Why: crypto/tls.Config is the canonical example. Zero value is usable with sensible defaults.

When to use: APIs with many related settings that configure a long-lived object.

When NOT to use: Per-call options (use functional options).

Source: src/crypto/tls/common.go#L566


Extension

Register Pattern (Plugin Discovery)

Rule: Provide a Register* function for plugin architectures.

func Register(name string, driver driver.Driver) {
    // ...
}

Why: Used in database/sql, encoding/gob, image, archive/zip, crypto. The pattern: init-time registration + runtime lookup.

When to use: When users provide implementations you discover at runtime (drivers, codecs, formats).

When NOT to use: When you know all implementations at compile time (use interfaces directly).

Source: src/database/sql/sql.go#L53


Performance

Append* for Zero-Alloc Formatting

Rule: Provide Append* variants that write to caller's buffer.
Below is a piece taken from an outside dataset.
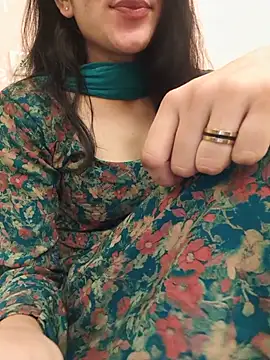 Snapshot of zoya_baby_ chatting on 1, 7, 2026 zoya baby online show from 1, 7, 2026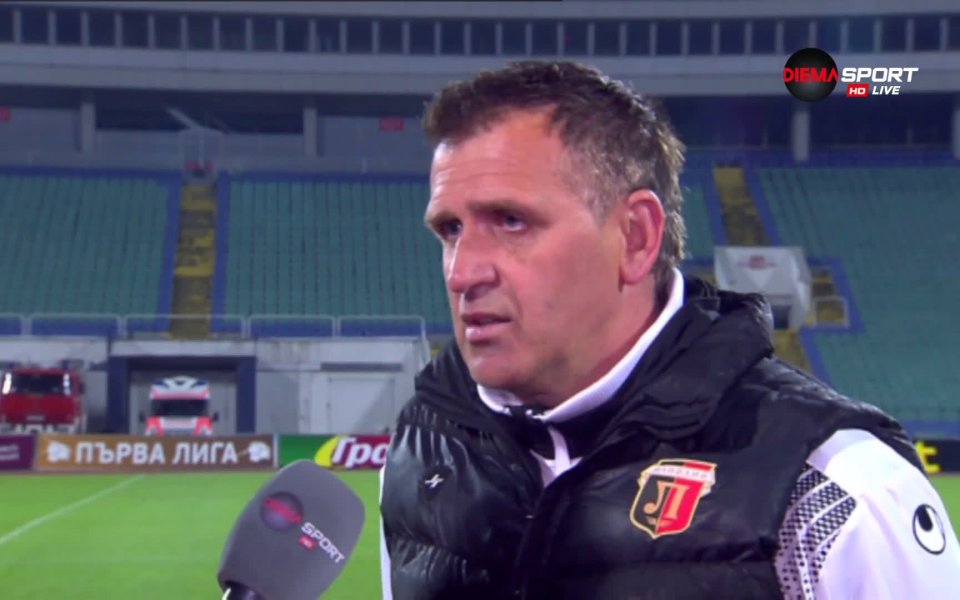 Старши треньорът на Локомотив Пловдив заяви, че иска отборът да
func (t Time) AppendFormat(b []byte, layout string) []byte
func AppendEncode(dst, src []byte) []byte
func AppendQuote[Bytes ~[]byte | ~string](dst []byte, src Bytes) ([]byte, error)

Why: Growing pattern in stdlib. Avoids allocation by letting the caller own the buffer. The encoding package now defines BinaryAppender and TextAppender interfaces.

When to use: Hot-path formatting functions where allocation cost matters.

When NOT to use: Convenience APIs where readability > performance.

Source: src/time/format.go#L655


Preallocate Slices

Rule: Use make([]T, 0, expectedCap) when you know the size.

Why: 326 make([]T, len, cap) calls in stdlib. Avoids repeated reallocation during append.

When to use: Loops where the output size is known or estimable.

When NOT to use: Unknown sizes. Small slices (<8 elements).


Smells

go:linkname Abuse

1,711 uses in Go's own source — but actively being removed. If you need go:linkname, your API boundary is wrong.

TODO Without Owner

// TODO: fix this — unaccountable. Go's 3,428 TODOs ALL have owners.

Get* Methods

Only 58 in stdlib, mostly legacy. Modern Go drops the prefix.

Huge Single Files

proc.go is 8,156 lines. Don't copy this. The scheduler stays in one file because splitting breaks the mental model. Your CRUD handler has no such excuse.

Generated Code Without Generator

If you check in generated code, also check in the generator or clearly document regeneration steps.